• _Exercise directions_
Starting with the line that includes "Vibrant Yellow and", write out every remaining line of the records below exactly as it appears, leaving out any images.

• _Image-text web data_
◇ ◇ ◇ ◇

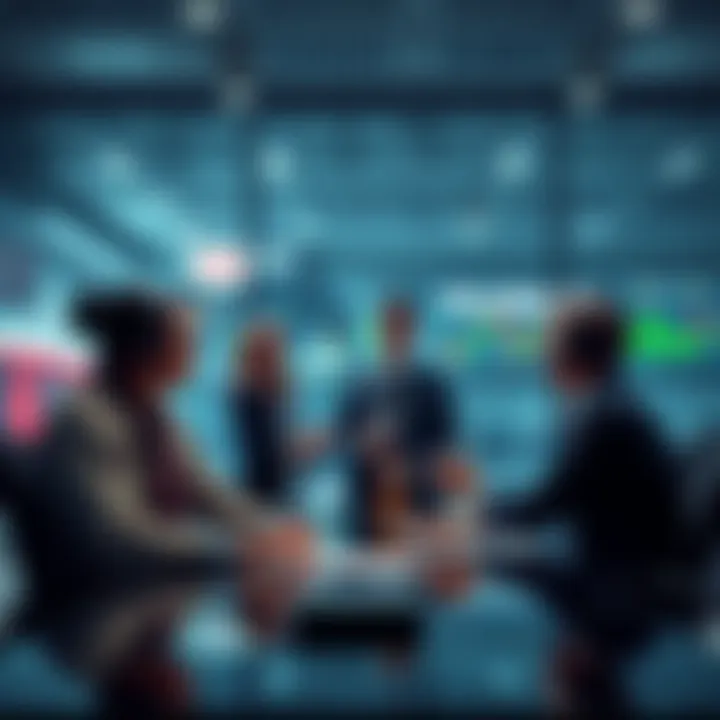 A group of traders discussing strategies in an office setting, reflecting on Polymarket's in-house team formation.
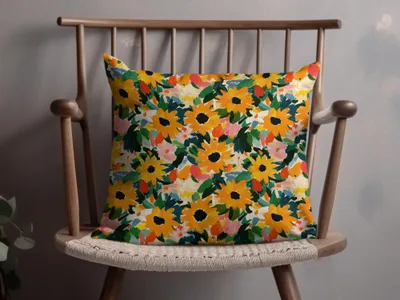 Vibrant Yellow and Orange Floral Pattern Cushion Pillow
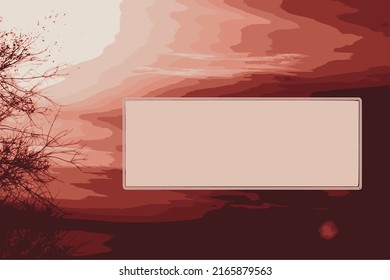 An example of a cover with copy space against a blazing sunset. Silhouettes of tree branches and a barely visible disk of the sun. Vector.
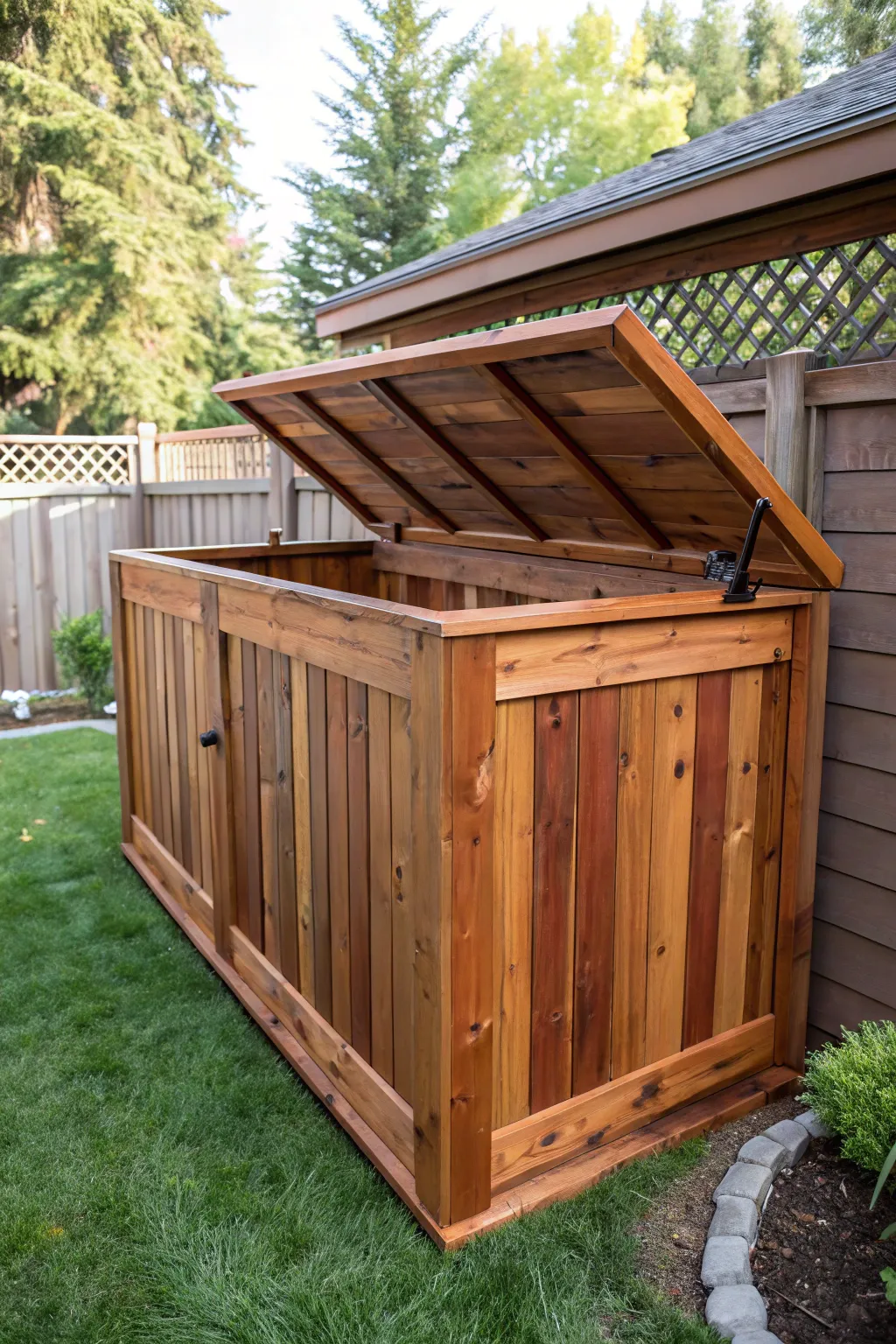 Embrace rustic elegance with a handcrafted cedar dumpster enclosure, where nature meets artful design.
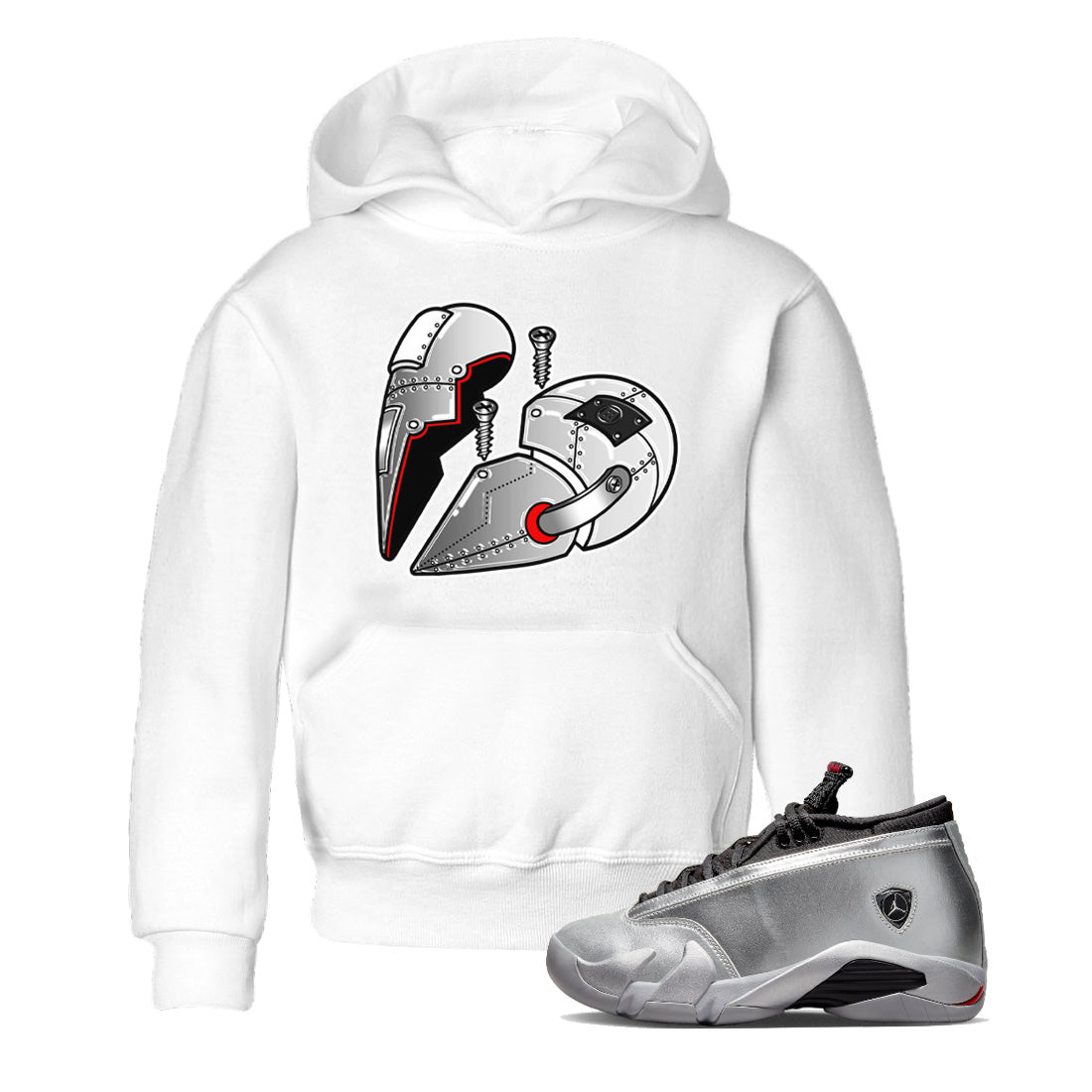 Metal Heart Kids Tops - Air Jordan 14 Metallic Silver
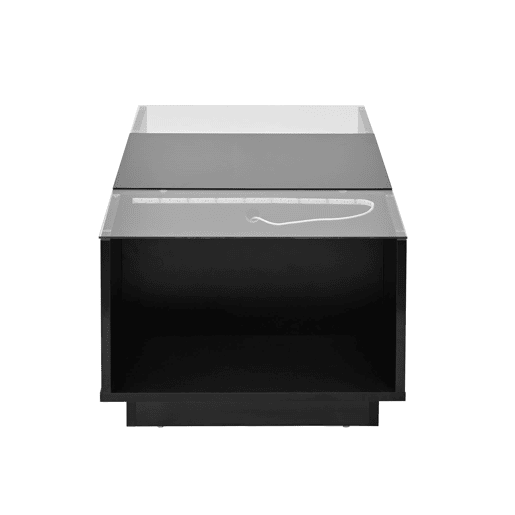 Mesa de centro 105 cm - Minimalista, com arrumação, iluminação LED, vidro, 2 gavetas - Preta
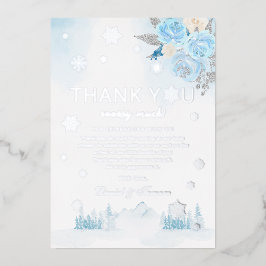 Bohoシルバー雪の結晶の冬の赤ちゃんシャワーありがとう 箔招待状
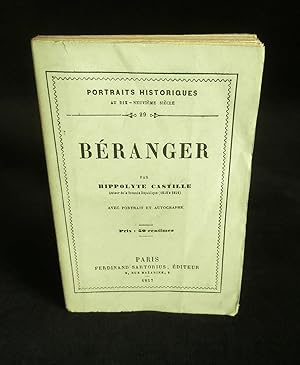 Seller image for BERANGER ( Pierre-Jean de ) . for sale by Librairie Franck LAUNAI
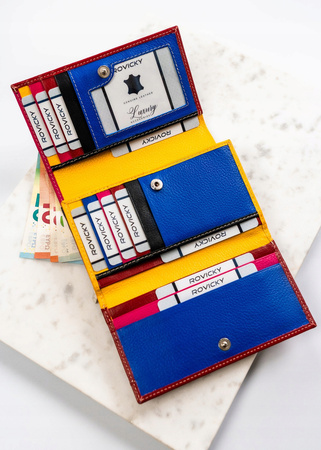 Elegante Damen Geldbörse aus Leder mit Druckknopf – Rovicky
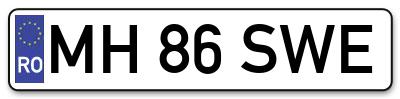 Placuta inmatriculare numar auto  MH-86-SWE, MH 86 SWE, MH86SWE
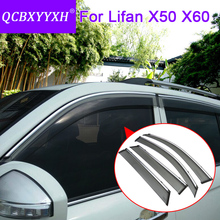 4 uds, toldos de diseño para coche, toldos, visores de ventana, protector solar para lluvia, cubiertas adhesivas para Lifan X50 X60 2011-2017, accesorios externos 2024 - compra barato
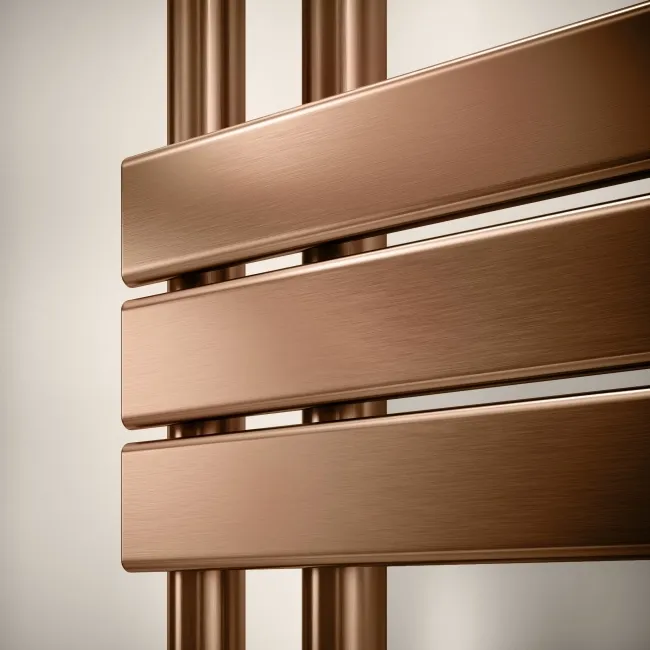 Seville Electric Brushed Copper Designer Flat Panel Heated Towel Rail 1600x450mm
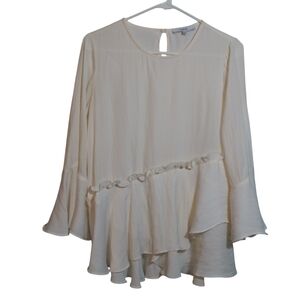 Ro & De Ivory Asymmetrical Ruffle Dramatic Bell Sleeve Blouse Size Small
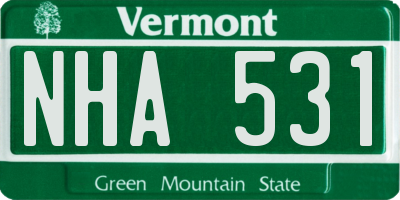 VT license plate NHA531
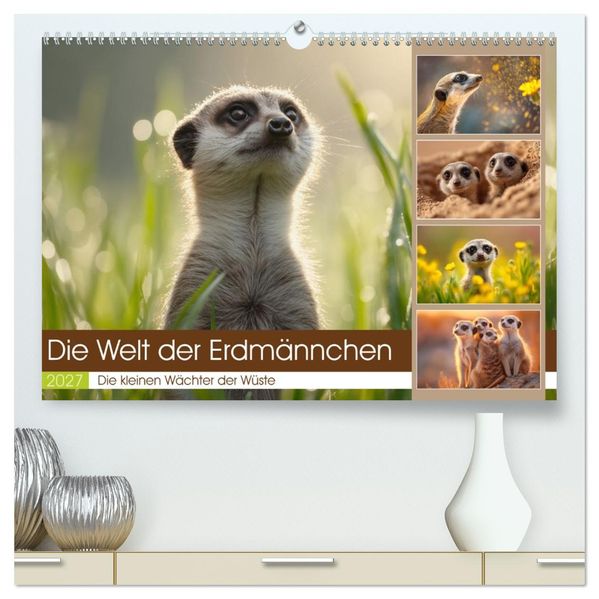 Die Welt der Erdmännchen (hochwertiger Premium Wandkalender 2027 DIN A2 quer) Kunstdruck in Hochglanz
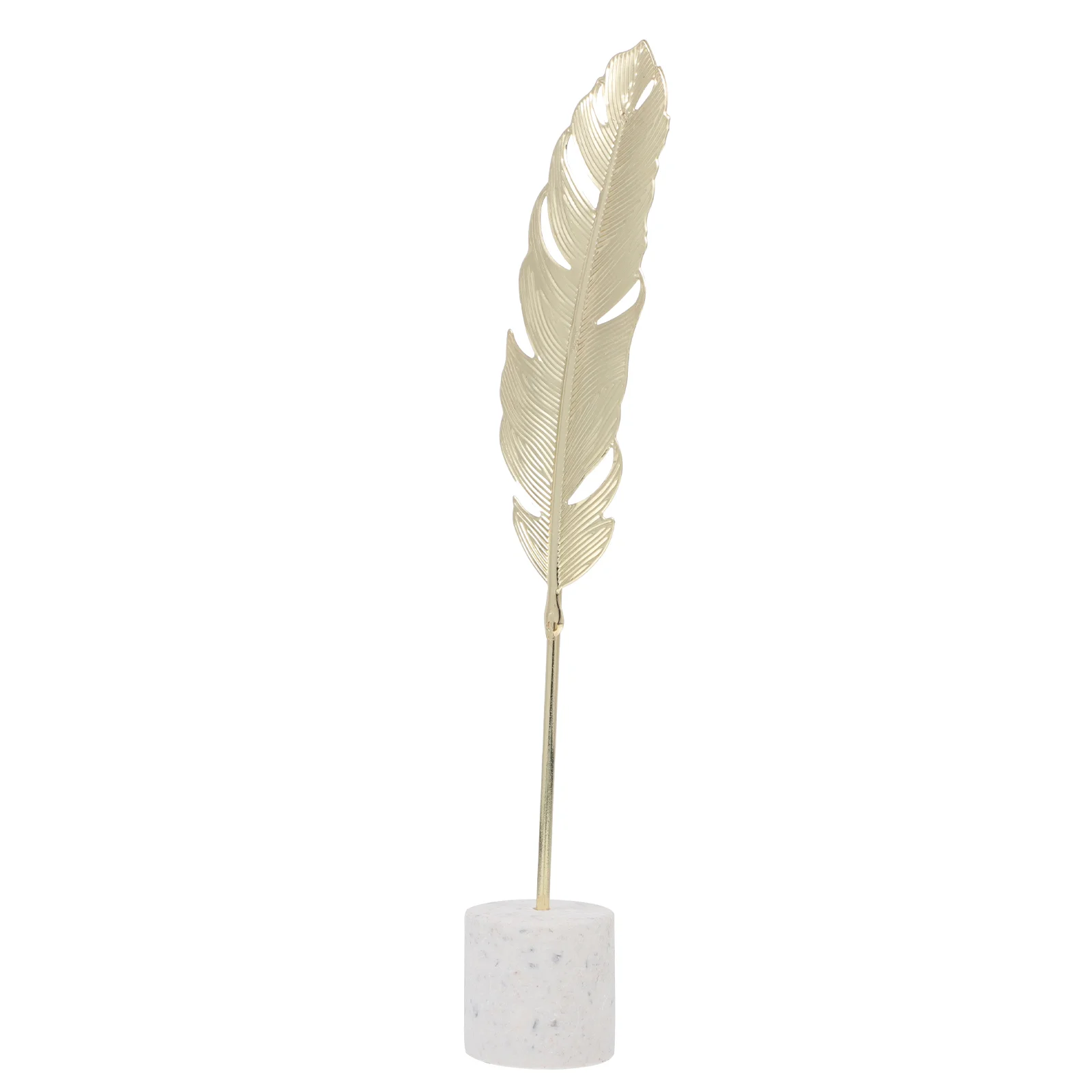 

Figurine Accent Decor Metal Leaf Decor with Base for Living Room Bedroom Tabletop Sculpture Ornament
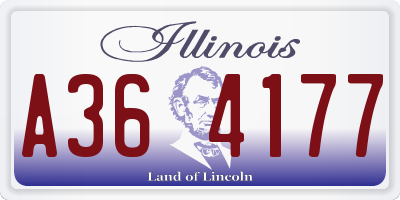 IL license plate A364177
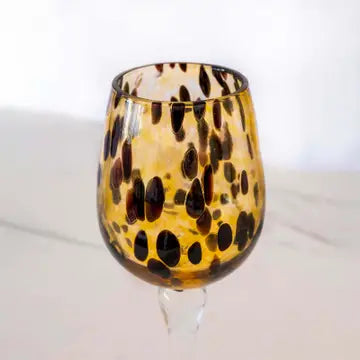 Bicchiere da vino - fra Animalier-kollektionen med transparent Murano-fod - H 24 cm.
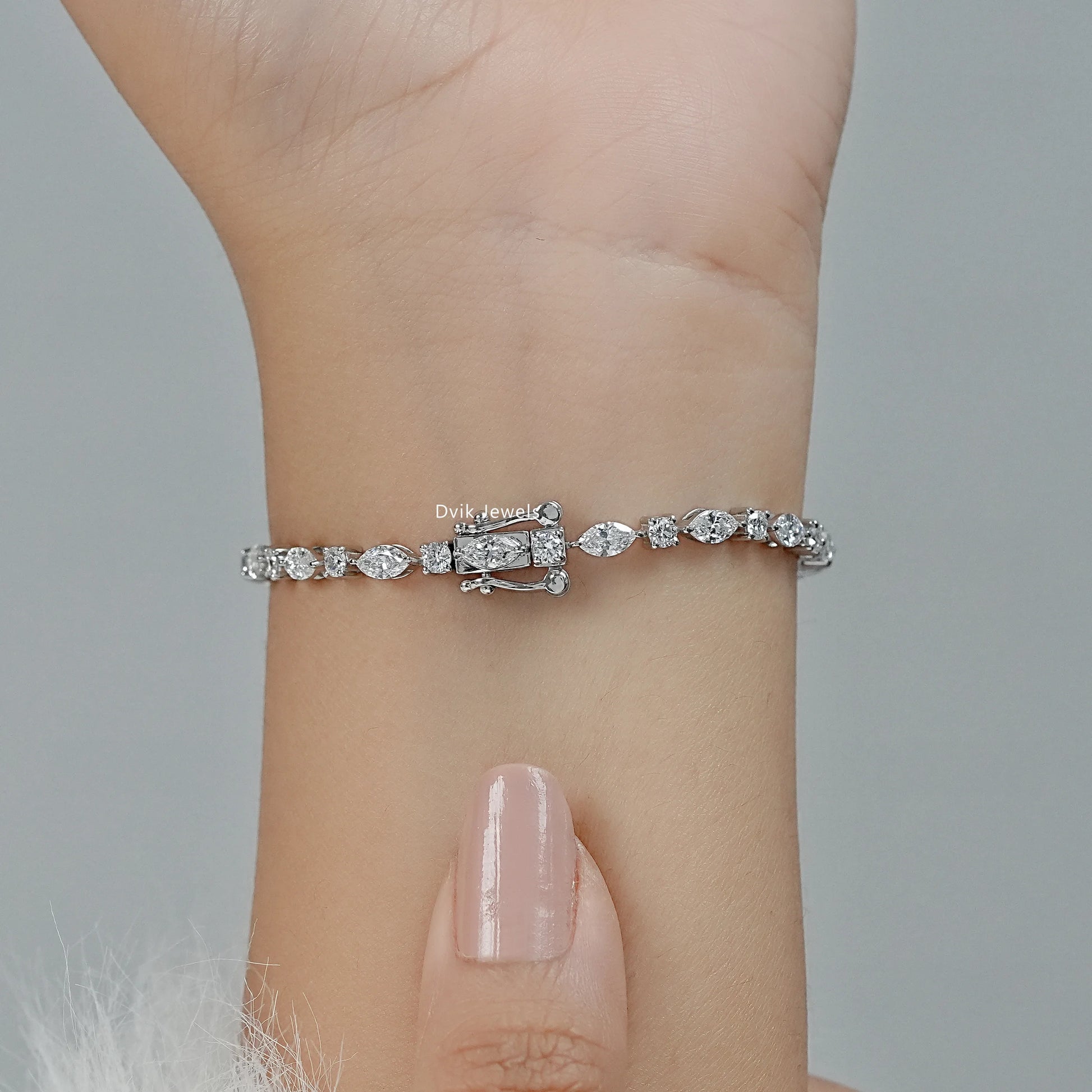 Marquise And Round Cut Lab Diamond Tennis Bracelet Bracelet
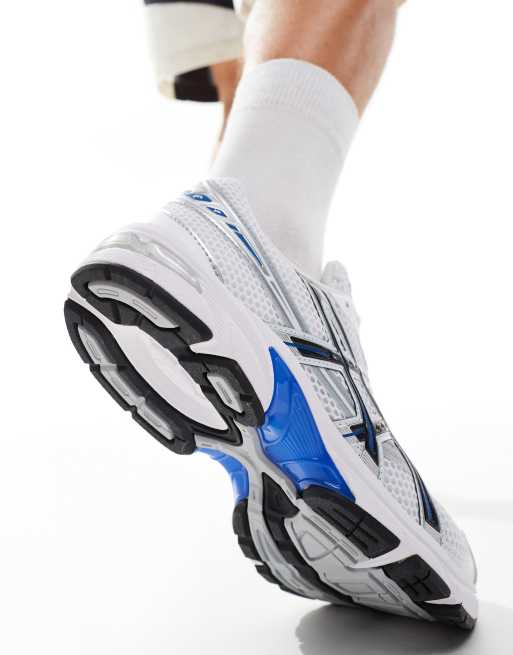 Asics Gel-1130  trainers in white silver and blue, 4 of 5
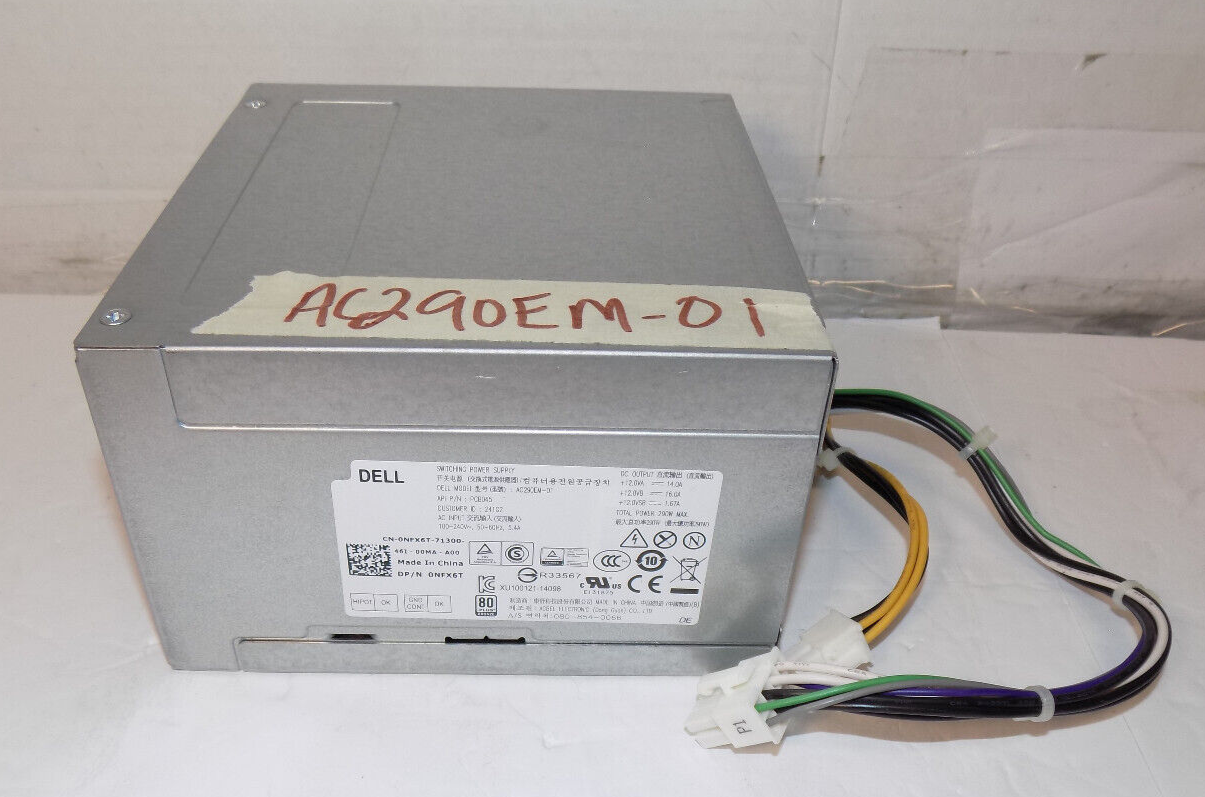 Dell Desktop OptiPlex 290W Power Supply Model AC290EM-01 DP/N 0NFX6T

◇ ◇ ◇ ◇

• _Solution to the problem_
 Vibrant Yellow and Orange Floral Pattern Cushion Pillow
 An example of a cover with copy space against a blazing sunset. Silhouettes of tree branches and a barely visible disk of the sun. Vector.
 Embrace rustic elegance with a handcrafted cedar dumpster enclosure, where nature meets artful design.
 Metal Heart Kids Tops - Air Jordan 14 Metallic Silver
 Mesa de centro 105 cm - Minimalista, com arrumação, iluminação LED, vidro, 2 gavetas - Preta
 Bohoシルバー雪の結晶の冬の赤ちゃんシャワーありがとう 箔招待状
 Seller image for BERANGER ( Pierre-Jean de ) . for sale by Librairie Franck LAUNAI
 Elegante Damen Geldbörse aus Leder mit Druckknopf – Rovicky
 Placuta inmatriculare numar auto  MH-86-SWE, MH 86 SWE, MH86SWE
 4 uds, toldos de diseño para coche, toldos, visores de ventana, protector solar para lluvia, cubiertas adhesivas para Lifan X50 X60 2011-2017, accesorios externos 2024 - compra barato
 Seville Electric Brushed Copper Designer Flat Panel Heated Towel Rail 1600x450mm
 Ro & De Ivory Asymmetrical Ruffle Dramatic Bell Sleeve Blouse Size Small
 VT license plate NHA531
 Die Welt der Erdmännchen (hochwertiger Premium Wandkalender 2027 DIN A2 quer) Kunstdruck in Hochglanz

Figurine Accent Decor Metal Leaf Decor with Base for Living Room Bedroom Tabletop Sculpture Ornament
 IL license plate A364177
 Bicchiere da vino - fra Animalier-kollektionen med transparent Murano-fod - H 24 cm.
 Marquise And Round Cut Lab Diamond Tennis Bracelet Bracelet
 Asics Gel-1130  trainers in white silver and blue, 4 of 5
 Dell Desktop OptiPlex 290W Power Supply Model AC290EM-01 DP/N 0NFX6T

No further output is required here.